En plena Edad Media, Clermont-Ferrand no existía ya que, realmente eran dos ciudades que, además, no tenían buena relación. Por un lado, la episcopal Clermont (de origen antiguo, Augustonemetum) y la condal Montferrand (fundada en el s. XII). Esta fusión, forzada por Luis XIII creó una ciudad única con dos núcleos históricos bien definidos.
Un color común
Si algo une a esas dos viejas rivales, es la piedra volcánica. Oscura y muy fácil de reconocer, aparece en fachadas, fuentes, calles e iglesias, pero alcanza su momento más espectacular en la catedral de Notre-Dame-de-l’Assomption. Allí, la piedra de Volvic no es un detalle más, sino la gran protagonista de un templo gótico que parece haber salido directamente del corazón de un volcán. Y un detalle más, está dentro del Camino de Santiago de Francia.
Una conocida ‘mascota’
Otro de los lugares que merece una parada es L’Aventure Michelin, y no está aquí por casualidad. Clermont-Ferrand es la ciudad donde nació la famosa marca de neumáticos en 1889, de la mano de los hermanos André y Édouard Michelin. Con el tiempo, aquel nombre quedó asociado no solo a las ruedas, sino también a los mapas, las guías de viaje y los restaurantes. El museo repasa esa historia en un recorrido muy visual, con piezas antiguas, carteles, vehículos y espacios interactivos repartidos en unos 2.000 metros cuadrados.
Tierra de volcanes
El hecho de que la piedra volcánica marque el color de Clermont-Ferrand, son los volcanes que la rodean. La ciudad se encuentra a las puertas de la Chaîne des Puys, Patrimonio Mundial de la Unesco y que convierte esta zona de Auvernia en uno de los paisajes más sorprendentes del centro de Francia.

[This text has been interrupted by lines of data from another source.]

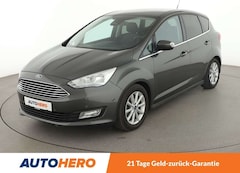 Bild des Angebotes Ford C-Max 1.5 EcoBoost Titanium*NAVI*CAM*PDC*SHZ*KLIMA*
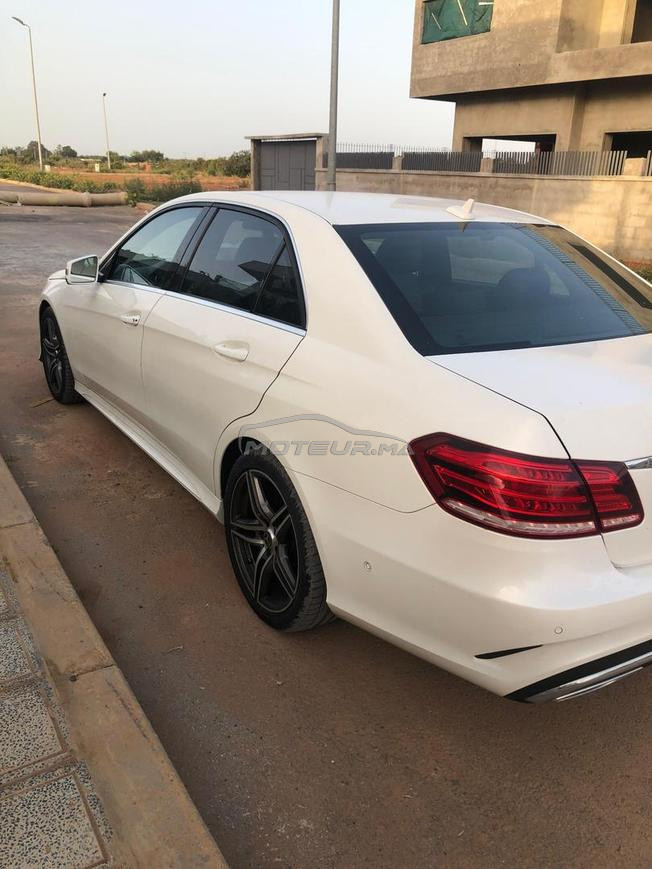 Mercedes-Benz Classe E220 Diesel Automatique 2014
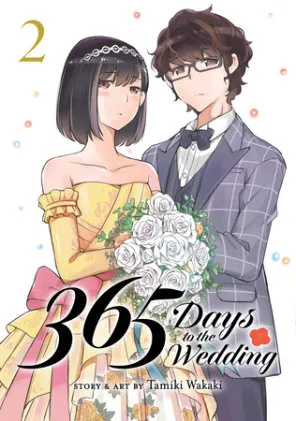 Cover of 365 Days to the Wedding Vol. 2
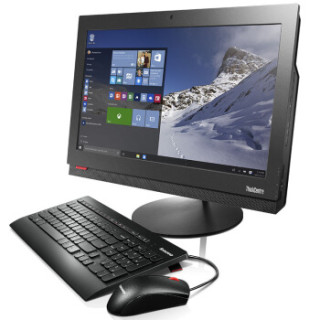 Lenovo 联想 M810z 21.5英寸 一体机 酷睿i5-6500 4GB 500GB HDD 核显 黑色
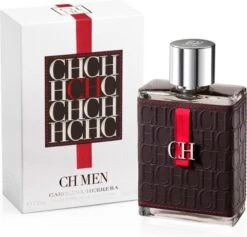 Carolina Herrera - CH For Man ( Exclusive Large Package ) - Eau De Toilette - 200ML -Parfum Winkel 1200x1152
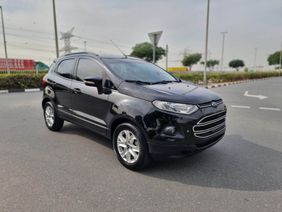 2017 Ford Ecosport GCC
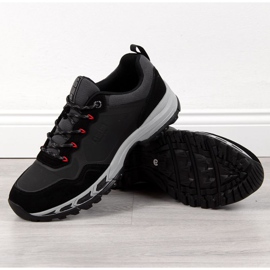 Trekkingschuhe Big Star M II174140 grau 1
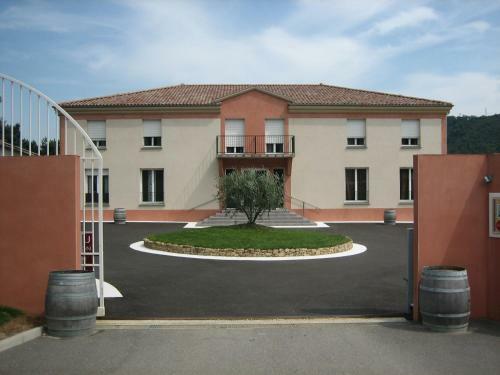Hotel H�tel Le Domaine Des Vignes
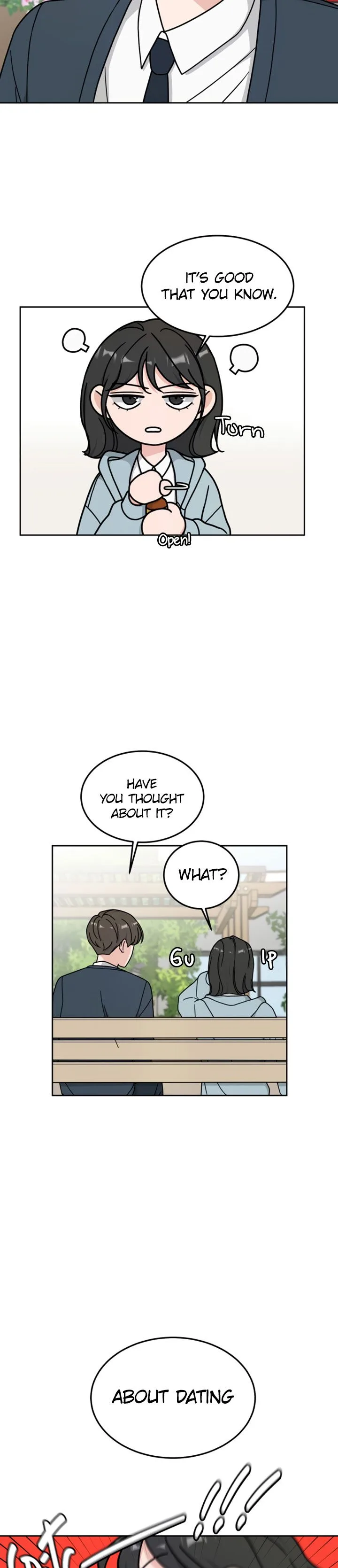 Clothing Bin of Love Chapter 10 page 20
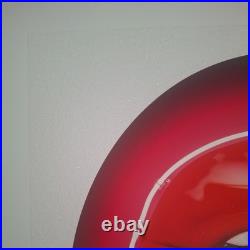 Sara Pope Amped Neon Diamond Dust Print 80x80 Limited Ed. Signed and Numbered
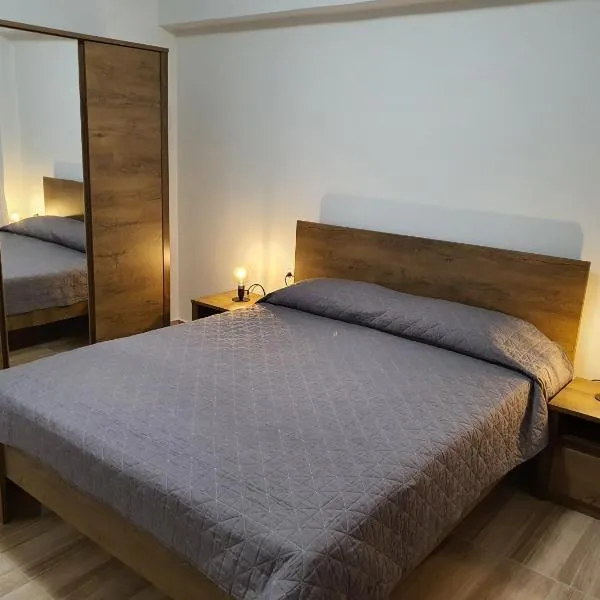 Perama View Apartments – hotel w mieście Eleoúsa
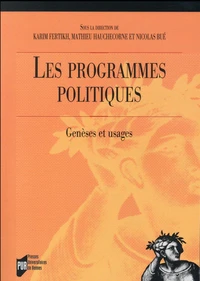Les programmes politiques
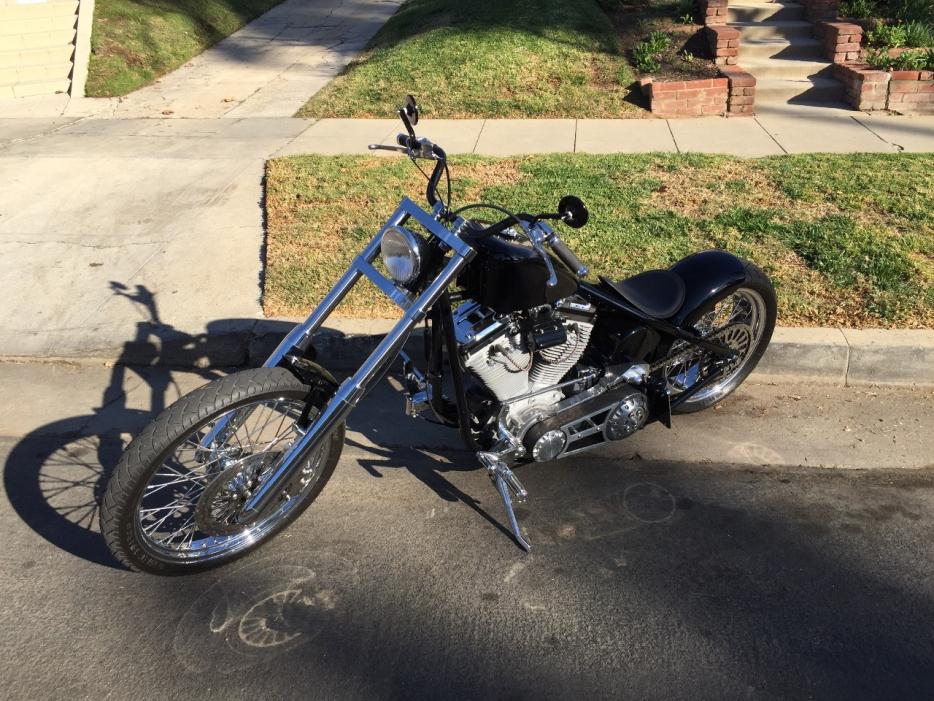 2007 Custom Chopper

Para poder situarse y entender la zona, una de las visitas más completas es Vulcania, un parque temático dedicado a los volcanes, los fenómenos naturales y la Tierra. Está a unos 20 minutos de Clermont-Ferrand y combina atracciones, proyecciones, espacios interactivos y experiencias pensadas tanto para niños como para adultos.
El otro gran imprescindible es el Puy de Dôme, el volcán más famoso de la zona y una de esas siluetas que se reconocen desde muchos puntos del paisaje. Se puede subir en tren panorámico y desde arriba las vistas explican mejor que cualquier mapa la dimensión de esta cadena volcánica. Además, para los aficionados al ciclismo, el nombre suena con fuerza: el Puy de Dôme es una subida histórica del Tour de Francia, escenario de duelos míticos y grandes gestas que los locales todavía se emocionan al recordar.